The road before me was slick with mud and steeply cambered on either side. I turned off the radio, suddenly too loud; tightened my grip on the steering wheel, suddenly too smooth; and licked my lips, suddenly too dry.
A level, dry stretch, and one of the few opportunities I had to take a photograph
Some of my anxiety was just a decade-long hangover of a car accident I was in when I was 20. I know how quickly these things can happen: on the road one moment and clambering out the passenger window 30 metres off the road the next, the car on its side, the engine dead, one back wheel spinning. The rest was a mental checklist of the things I didn’t have: a working cell phone, a rudimentary knowledge of Icelandic and enough money to pay the excess on my rental if I drove into a ditch. What I did have: a GPS (not particularly useful at this point, there were no other roads insight; if I wasn’t on this road I wasn’t on any road at all) and my sense of adventure (I told myself bravely in the mirror). The road, perilous as it was, beckoned.
But that’s not where this day began. It began the same way as day one: with a wrong turn and a world of fog.
Not quite the views I was hoping for
So convinced was I that the fog would lift when I woke up in Stykkishólmur on day two of my road trip around Iceland (the fog doesn’t lift in this place, I learnt, not until you’re not paying attention anymore), that I turned right at the fork instead of left. Though foolhardy, my route was deliberate. I was attempting to journey to the centre of the earth, or at least to the volcano, Snæfellsjökull, where Jules Verne’s adventurers began such a journey. The Snæfellsnes Peninsula on which the volcano is found, I was told, was beautiful. I can’t verify this, however; I saw nothing. Admitting defeat and having lost an hour each way in the process, I turned around, and began my journey to Mývatn, a lake in Iceland’s north east.
Part of the drive, which took 10 hours from tent zip to tent zip, involved my anxiety-inducing road of mud.

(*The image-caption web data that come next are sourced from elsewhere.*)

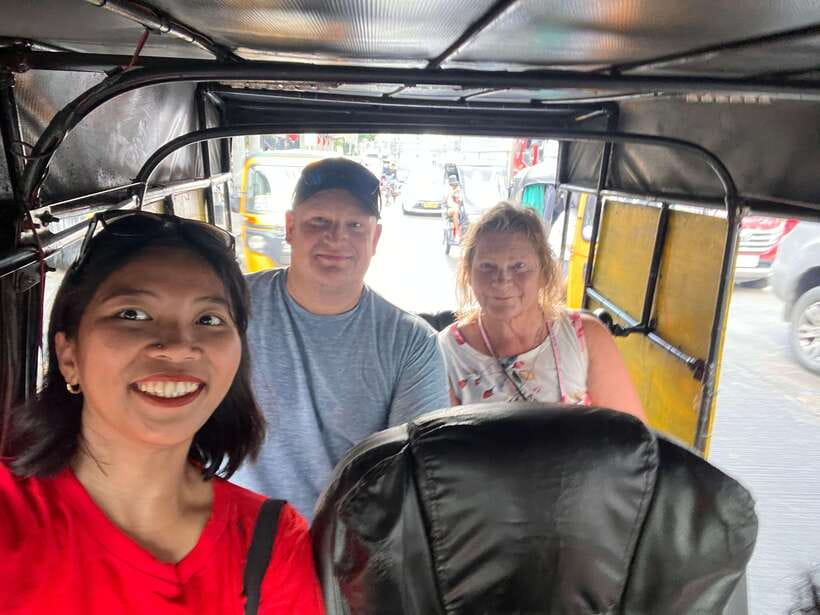 Manila Tuk-Tuk Adventure Hop-in and Hop-Off - Guide style and the value of local stories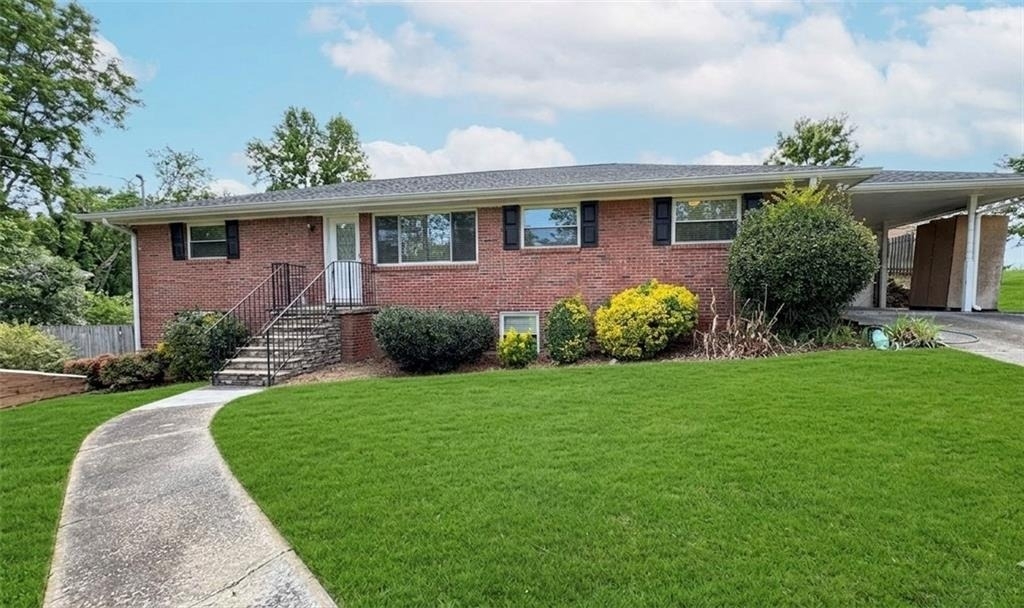 552 Sybil Lane Se - Photo 0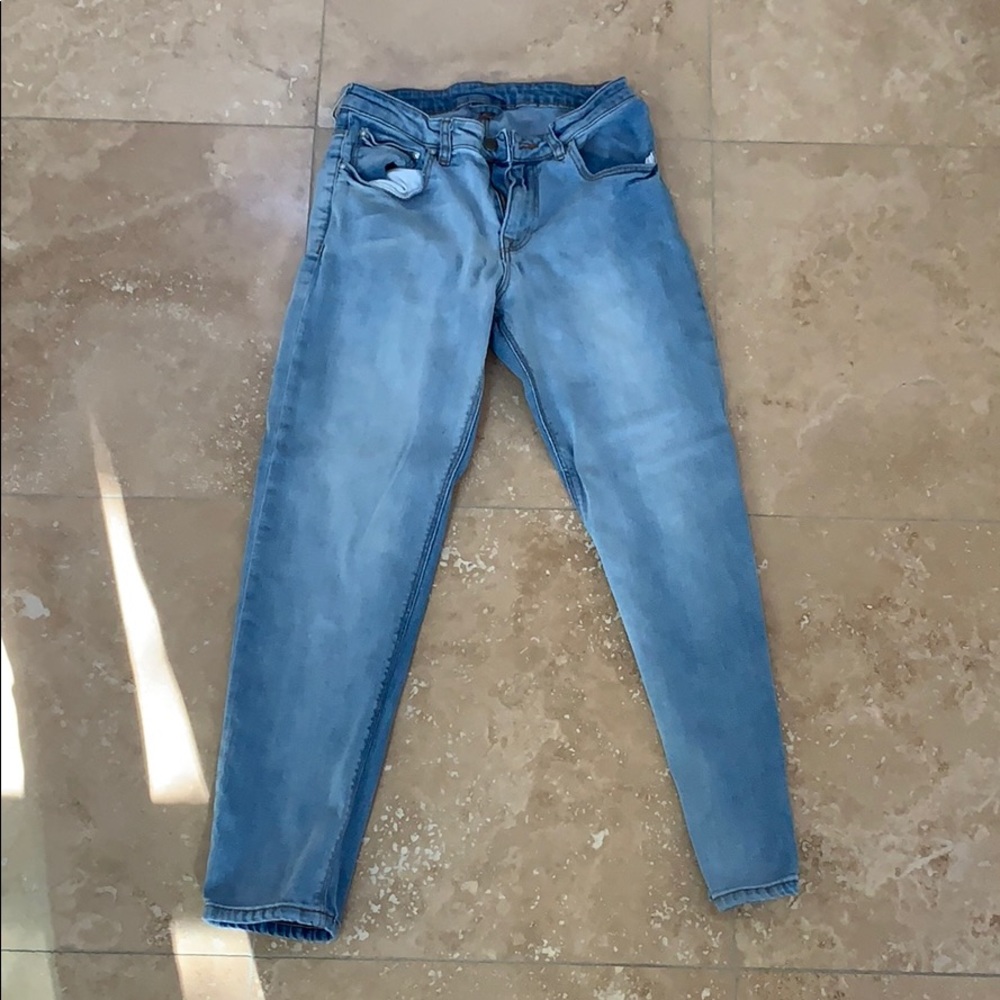 ASOS Design light wash cropped jeans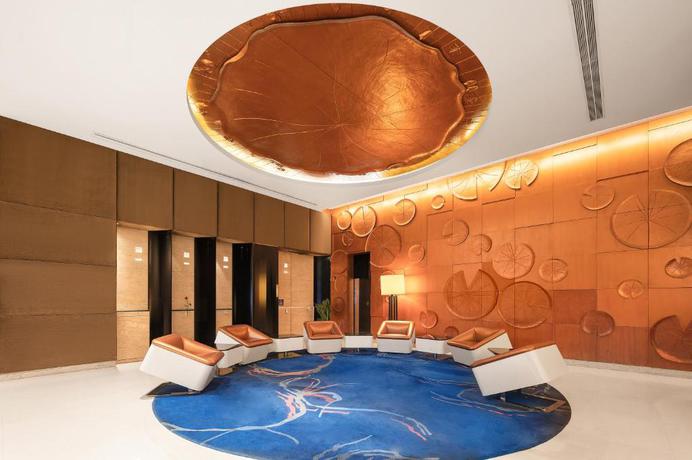 Imagen de los interiores del Hotel Jianguo Guangzhou. Foto 22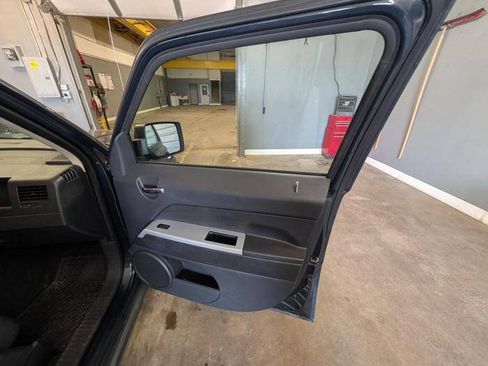 Used 2008 Jeep Patriot Sport AWD/4WD image 30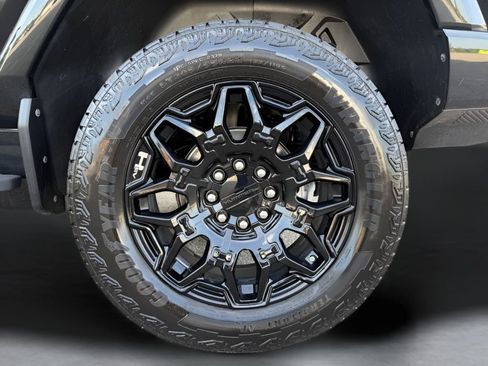 Used 2025 GMC Hummer EV 2X AWD/4WD image 39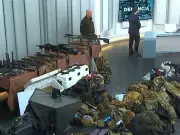 Cuba exhibe arsenal de lancha atacada: 14 fusiles y casi 13,000 balas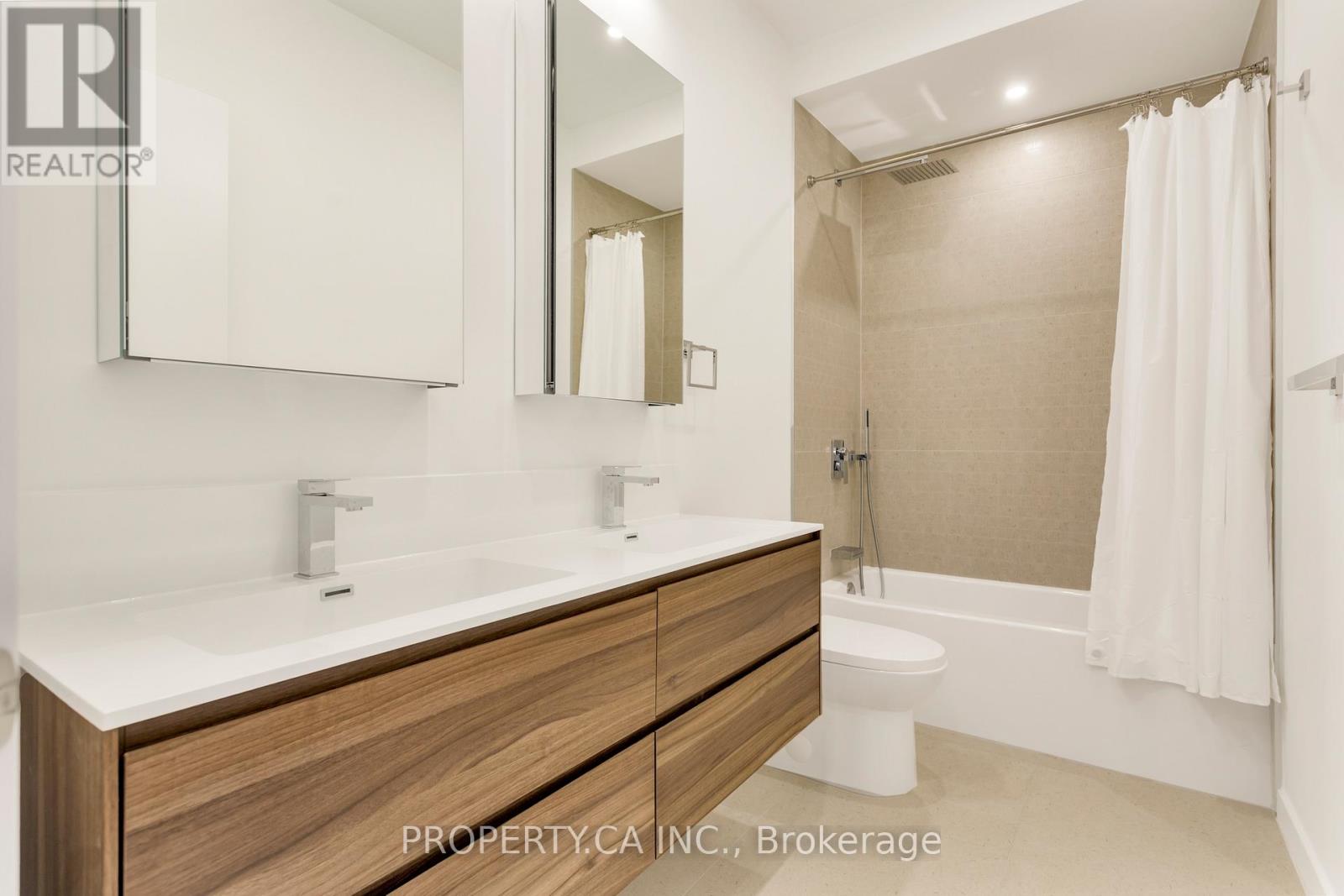 Unit #4 - 301 Keele Street, Toronto, Ontario M6P 2K5 - Photo 17 - W13757528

First gear. Second. Third. No, too fast, back to second. And then, third for longer, fourth, and the return of the radio (there was great solace to be found in the fact that I hadn’t yet lost radio signal – I wasn’t as off the map as I thought I was). My grip relaxed and I started to enjoy driving along a road that offered mountains and volcanoes and lava fields (and sludge) for company.
The end of the road – and tar at last
The muddy road survived (with furious glee), my journey continued. To a small fishing town where I ate peanut butter sandwiches for lunch and through Akureyri, Iceland’s second largest city with a population of just 20,000 people. I detoured to Goðafoss, a waterfall where pagan statues were destroyed in the year 1000 after Christianity was declared Iceland’s official religion, and stopped at a place that I thought was a remote guesthouse but, judging by the family sitting around the table when I knocked on the door, was actually someone’s home. I was invited in warmly when I asked to use the bathroom.
Dried fish hung by the dozen in the small village of Hvammstangi, where I ate my lunch
I put foot to pedal around corners so gentle and continuous they felt like I was tracing the edges of the human form. I watched my thoughts, contemplating how severe my feelings of anxiety could be at times, how much I was prone to furious internal fretting and self-criticism. I noticed how quickly these feelings subsided if I persevered just a little. I listened to the news in Icelandic and pop songs on a radio station with the frequency 957 – I played with the pronunciation aloud: nine five seven; níu fimm sjö.
Every moment offered a vista more dramatic than the last
At dusk, around 10pm or so, my green tent set up just metres away, I sat on a bench on the edge of Mývatn and watched the sun go down (the skies having cleared just when I least expected it). The midges cleared too (Mývatn mean lake of midges), the ducks chattered and I wrote a few pages in my journal that ended with the words: I am exactly where I need to be.